Lightning-AI / litdata

Transform datasets at scale. Optimize datasets for fast AI model training.
Apache License 2.0
367 stars 42 forks source link

Litdata optimize is very slow #417

Open nightingal3 opened 3 hours ago

nightingal3 commented 3 hours ago

🐛 Bug

I'm processing 10B tokens of text with the optimize function in litdata. However, it seems like progress is very slow and often gets stuck altogether. The time estimate keeps increasing as more samples are processed (for instance, with 8 workers, the last time estimate was 7 hours, and now appears to be stuck). I also tried using 1 worker, which produced a less varied time estimate, but will take 50+ hours.

To Reproduce

I used the following script (the temp file creation was just to troubleshoot a previous issue). I have the latest version of litdata installed (0.2.29)

import argparse
import os
import tempfile
from functools import partial
from pathlib import Path

from datasets import Dataset, load_dataset
from litdata import optimize
from litgpt import Tokenizer

tokenizer = Tokenizer("<path>/checkpoints/EleutherAI/pythia-1b")

def tokenize(data: Dataset, index: int):
    yield tokenizer.encode(data[index]["text"], eos=True)

def setup_directories(job_id: str):
    """Set up and clean temp and cache directories for a specific job."""
    # Create job-specific paths
    temp_dir = f"<path>/tmp_job{job_id}"
    cache_dir = f"<path>/tmp/huggingface_cache_job{job_id}"

    # Clean up existing directories if they exist
    for dir_path in [temp_dir, cache_dir]:
        if os.path.exists(dir_path):
            try:
                shutil.rmtree(dir_path)
                print(f"Cleaned up existing directory: {dir_path}")
            except Exception as e:
                print(f"Error cleaning {dir_path}: {e}")

    # Create fresh directories
    os.makedirs(temp_dir, exist_ok=True)
    os.makedirs(cache_dir, exist_ok=True)

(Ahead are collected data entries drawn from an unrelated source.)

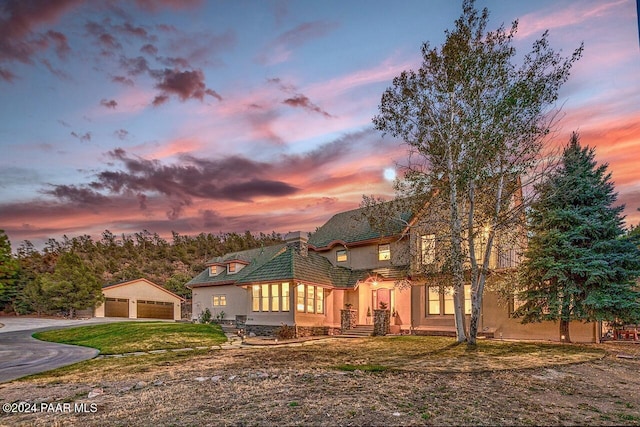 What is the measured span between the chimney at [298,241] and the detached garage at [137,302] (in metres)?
24.3

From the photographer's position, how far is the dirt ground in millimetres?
6148

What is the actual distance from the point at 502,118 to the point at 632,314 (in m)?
9.09

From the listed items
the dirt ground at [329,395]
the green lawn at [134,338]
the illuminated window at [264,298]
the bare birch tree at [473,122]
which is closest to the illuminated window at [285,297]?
the illuminated window at [264,298]

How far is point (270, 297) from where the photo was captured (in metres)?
21.5

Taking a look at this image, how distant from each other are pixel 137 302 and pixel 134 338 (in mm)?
24177

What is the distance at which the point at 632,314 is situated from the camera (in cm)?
1511

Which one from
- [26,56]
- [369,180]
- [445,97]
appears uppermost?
[26,56]

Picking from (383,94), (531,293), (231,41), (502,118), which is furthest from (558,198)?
(231,41)

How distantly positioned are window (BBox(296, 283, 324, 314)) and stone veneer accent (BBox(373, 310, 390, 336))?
10.6ft

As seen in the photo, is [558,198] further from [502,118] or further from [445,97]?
[445,97]

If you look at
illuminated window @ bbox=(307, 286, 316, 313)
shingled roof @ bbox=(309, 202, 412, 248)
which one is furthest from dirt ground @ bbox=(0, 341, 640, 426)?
shingled roof @ bbox=(309, 202, 412, 248)

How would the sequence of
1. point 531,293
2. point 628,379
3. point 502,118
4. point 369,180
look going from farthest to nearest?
point 369,180
point 531,293
point 502,118
point 628,379

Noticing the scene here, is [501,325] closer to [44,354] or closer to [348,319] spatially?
[348,319]

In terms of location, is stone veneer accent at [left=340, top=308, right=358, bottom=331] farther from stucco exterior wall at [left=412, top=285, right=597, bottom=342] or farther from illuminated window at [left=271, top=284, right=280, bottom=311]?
illuminated window at [left=271, top=284, right=280, bottom=311] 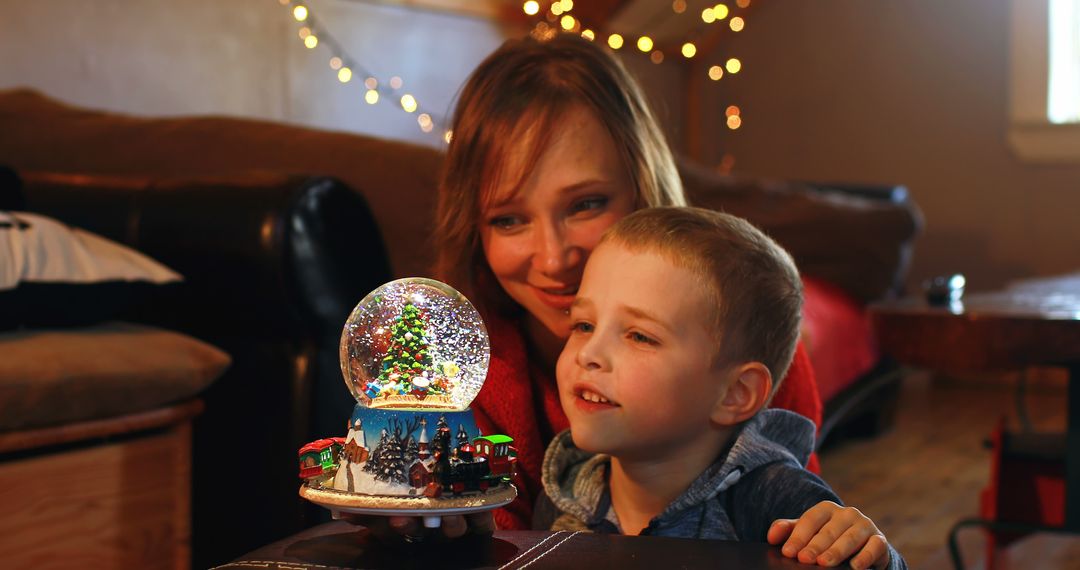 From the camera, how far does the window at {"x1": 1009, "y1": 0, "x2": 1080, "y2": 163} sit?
5008mm

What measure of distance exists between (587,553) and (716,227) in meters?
0.38

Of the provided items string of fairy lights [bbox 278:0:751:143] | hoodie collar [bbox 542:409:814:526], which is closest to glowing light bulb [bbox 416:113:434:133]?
string of fairy lights [bbox 278:0:751:143]

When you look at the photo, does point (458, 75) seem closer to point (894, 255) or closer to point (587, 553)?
point (894, 255)

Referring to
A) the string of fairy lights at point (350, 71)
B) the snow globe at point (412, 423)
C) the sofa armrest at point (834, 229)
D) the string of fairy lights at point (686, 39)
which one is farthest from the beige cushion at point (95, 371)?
the string of fairy lights at point (686, 39)

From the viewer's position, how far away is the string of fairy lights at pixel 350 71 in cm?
375

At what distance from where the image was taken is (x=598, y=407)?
0.98m

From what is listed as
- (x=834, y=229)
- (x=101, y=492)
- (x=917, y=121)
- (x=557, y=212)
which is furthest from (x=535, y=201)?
(x=917, y=121)

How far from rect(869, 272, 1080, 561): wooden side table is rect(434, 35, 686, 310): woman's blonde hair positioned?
751mm

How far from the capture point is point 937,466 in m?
3.54

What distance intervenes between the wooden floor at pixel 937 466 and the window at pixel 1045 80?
1.01 m

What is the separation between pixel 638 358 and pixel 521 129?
421 mm

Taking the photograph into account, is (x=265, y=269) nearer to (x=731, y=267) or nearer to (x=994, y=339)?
(x=731, y=267)

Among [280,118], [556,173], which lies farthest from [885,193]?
[556,173]

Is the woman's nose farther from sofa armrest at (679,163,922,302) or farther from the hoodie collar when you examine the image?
sofa armrest at (679,163,922,302) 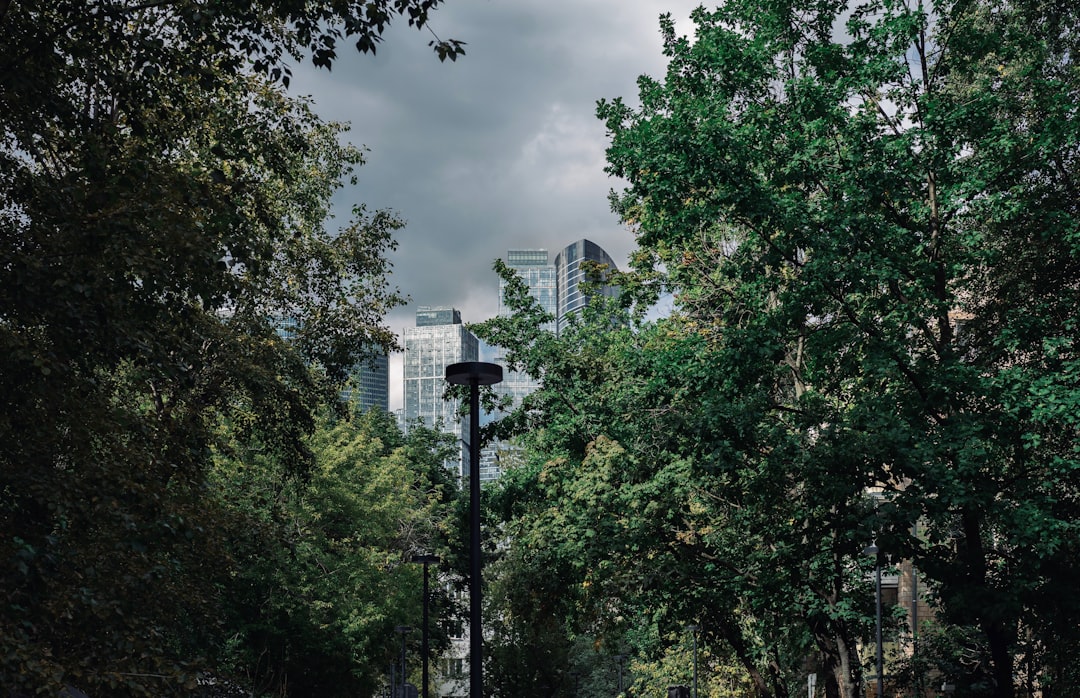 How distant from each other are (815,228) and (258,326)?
11.0 meters

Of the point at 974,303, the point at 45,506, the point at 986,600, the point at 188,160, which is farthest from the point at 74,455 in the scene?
the point at 974,303

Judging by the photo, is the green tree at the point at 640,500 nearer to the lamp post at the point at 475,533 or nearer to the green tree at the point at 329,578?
the lamp post at the point at 475,533

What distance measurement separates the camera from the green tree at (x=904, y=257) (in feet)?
50.1

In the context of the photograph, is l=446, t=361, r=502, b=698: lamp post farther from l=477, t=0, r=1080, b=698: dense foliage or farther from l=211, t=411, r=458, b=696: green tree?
l=211, t=411, r=458, b=696: green tree

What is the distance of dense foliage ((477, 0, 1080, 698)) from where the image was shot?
606 inches

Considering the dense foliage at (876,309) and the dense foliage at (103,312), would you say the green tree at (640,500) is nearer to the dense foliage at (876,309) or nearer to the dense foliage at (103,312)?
the dense foliage at (876,309)

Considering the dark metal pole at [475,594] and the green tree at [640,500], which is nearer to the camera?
the dark metal pole at [475,594]

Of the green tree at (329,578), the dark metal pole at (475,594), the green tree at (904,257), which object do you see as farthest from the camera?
the green tree at (329,578)

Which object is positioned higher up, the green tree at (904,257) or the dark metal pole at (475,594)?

    # Set environment variables
    os.environ["HF_HOME"] = cache_dir
    os.environ["TMPDIR"] = temp_dir
    os.environ["TEMP"] = temp_dir
    os.environ["TMP"] = temp_dir
    tempfile.tempdir = temp_dir

    print(f"Set up fresh directories for job {job_id}:")
    print(f"Temp dir: {temp_dir}")
    print(f"Cache dir: {cache_dir}")

    return cache_dir

if __name__ == "__main__":
    parser = argparse.ArgumentParser()
    parser.add_argument("--data_path", type=str, default=".")
    parser.add_argument("--data_split", type=str, default="sample-10BT")
    parser.add_argument("--job_id", type=str, required=True, help="Unique identifier for this job")
    args = parser.parse_args()

    cache_dir = setup_directories(args.job_id)

    temp_dir = f"<path>/tmp_job{args.job_id}"
    os.makedirs(temp_dir, exist_ok=True)

    #Set all temp variables to be safe
    os.environ["TMPDIR"] = temp_dir
    os.environ["TEMP"] = temp_dir
    os.environ["TMP"] = temp_dir

    tempfile.tempdir = temp_dir

    print(f"Temporary directory is: {tempfile.gettempdir()}")

    dataset = load_dataset(
        "HuggingFaceFW/fineweb",
        num_proc=(os.cpu_count() - 1),
        name=args.data_split,
        split="train",
        cache_dir=None,
        download_mode="force_redownload"
    )
    print("Total examples:", len(dataset))

    # Split the data in training and validation
    split_dataset = dataset.train_test_split(test_size=0.003, seed=42, shuffle=True)
    split_dataset["val"] = split_dataset.pop("test")  # rename the test split to val
    output_dir = Path(args.data_path)
    output_dir.mkdir(parents=True, exist_ok=True)

    optimize(
        fn=partial(tokenize, split_dataset["train"]),
        inputs=list(range(len(split_dataset["train"]))),
        output_dir=f"{args.data_path}/train",
        num_workers=8,
        chunk_bytes="500MB",
    )
    optimize(
        fn=partial(tokenize, split_dataset["val"]),
        inputs=list(range(len(split_dataset["val"]))),
        output_dir=f"{args.data_path}/val",
        num_workers=8,
        chunk_bytes="500MB",
    )

Expected behavior

I expected processing to take a consistent time and not get stuck when using multiple workers. The number of CPUs available is much larger than 8.

Additional context

Environment detail - PyTorch Version (e.g., 1.0): 2.5.1+cu124 - OS (e.g., Linux): linux - How you installed PyTorch (`conda`, `pip`, source): pip - Build command you used (if compiling from source): - Python version: 3.9 - CUDA/cuDNN version: 12.4 - GPU models and configuration: N/A - Any other relevant information:
github-actions[bot] commented 3 hours ago

Hi! thanks for your contribution!, great first issue!